Parece obvio que sobre este informe hay, al menos, dos puntualizaciones imprescindibles para situar adecuadamente su sentido. La primera, sobre la materialidad del documento, es que aquí no se trata de un maratón en el que lo que importa es el puesto en que se queda al final, como muchos titulares parecen sugerir. Tampoco es una evaluación completa de todo el sistema educativo. Es solo una prueba en la que se indaga el rendimiento de estudiantes de 15 años en tres saberes instrumentales, que por cierto, siendo cualitativos, vienen expresados en niveles cuantitativos, en posiciones de número, lo que ya de por si plantea una incongruencia resbaladiza. Por supuesto que es útil e relevante ya que establece niveles de suficiencia y destreza, pero poco explica sobre el origen de las desigualdades.
La segunda puntualización, también obligada porque parece que no está claro a mucha gente, hay que referirla a quién es el destinatario de ese informe. Claro que en primer lugar va dirigido al sistema educativo, del que muestra aciertos y tropezones, pero mucha gente escucha, como quien oye llover y por más que se repita cada día, que las condiciones culturales, económicas y sociales son decisivas para el rendimiento escolar (en una encuesta en Alemania se mostró que ningún estudiante, en cuya casa había más 500 libros, suspendía). Que la estructura educativa es sólo un instrumento técnico pero que la educación corresponde a toda la sociedad está tan repetido que ya nadie lo cree. Y de este modo, mientras sólo unos pocos ejercitan su responsabilidad social y educativa, la mayoría de la gente y de los grupos sociales se quitan de en medio y se limitan a reclamar soluciones milagrosas, sin aportar esfuerzo, a veces con virulencia y pocas veces con propuestas consistentes. Mientras, unos buscan la refriega política, otros el adoctrinamiento ideológico y algunos el beneficio económico.

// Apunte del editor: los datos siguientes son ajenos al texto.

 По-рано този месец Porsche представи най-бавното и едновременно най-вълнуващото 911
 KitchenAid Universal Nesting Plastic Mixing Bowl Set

Y hay quien, teniendo mucho que decir, calla mirando a otro lado.
En el fondo, la triste y desoladora conclusión a que se llega es que en nuestro país la educación no interesa a nadie, por más que palabras grandilocuentes estén reclamando a cada rato lo contrario: sólo basta con echar una ojeada a los barómetros del CIS para ver en qué lugar está dentro de las preocupaciones de los españoles. A veces da la impresión de que el alcance de la educación sólo entra en el debate público cuando una fiesta provoca en los padres el problema de dónde dejar a los hijos. Mientras que unos y otros sólo se ocupen de soltarse el problema y la responsabilidad al tiempo de exigir que ellos solos, los profesionales, resuelvan los problemas, mal va a ir el asunto.